- SUPPLIED MATERIAL:

■ ■ ■ ■ ■ ■ ■

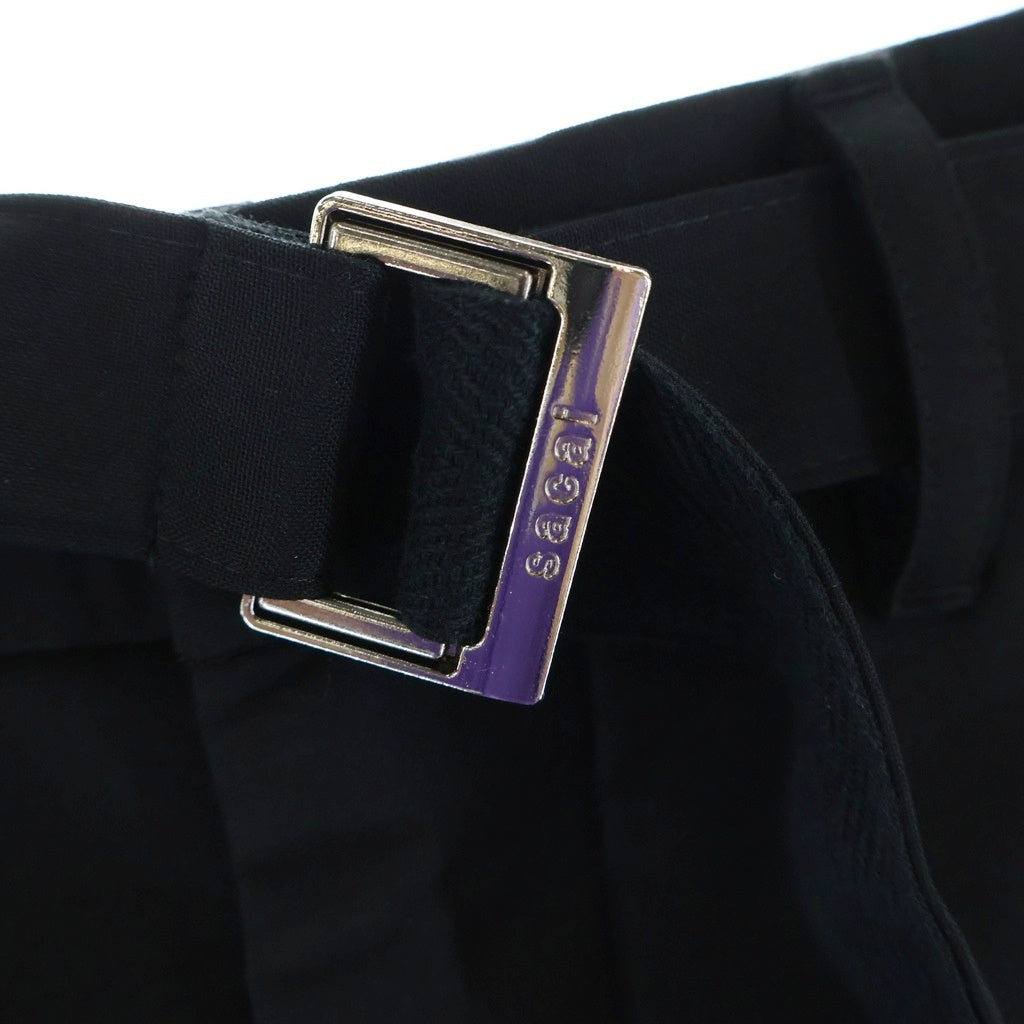 Sacai(サカイ) 23AW Suiting Bonding Pants スーチングボンディングパンツ ベルテッドトラウザー ブラック 23-03238M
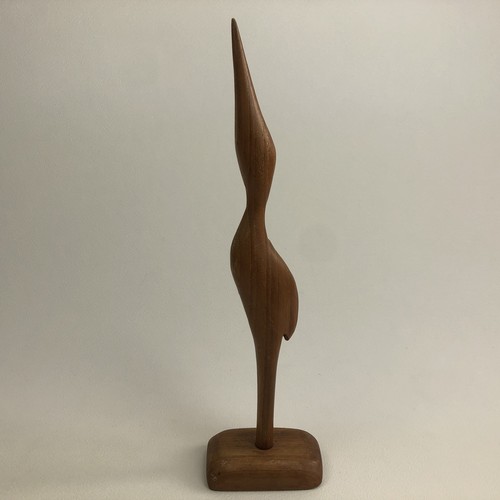 Holz teak vogel reiher - vogel, kranich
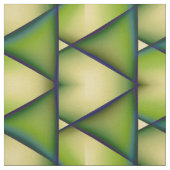 Tissu vert moderne géométrique (Échantillon)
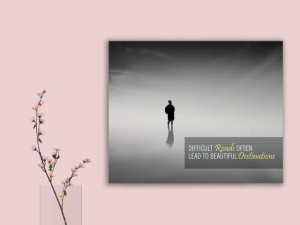 Tablou Canvas Motivational - Difficult Roads - Img 3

■ ■ ■ ■ ■ ■ ■

- TASK TO COMPLETE: Without including any pictures, reproduce the data exactly.

- REPLY:
 Sacai(サカイ) 23AW Suiting Bonding Pants スーチングボンディングパンツ ベルテッドトラウザー ブラック 23-03238M
 Holz teak vogel reiher - vogel, kranich
 Tissu vert moderne géométrique (Échantillon)
 Tablou Canvas Motivational - Difficult Roads - Img 3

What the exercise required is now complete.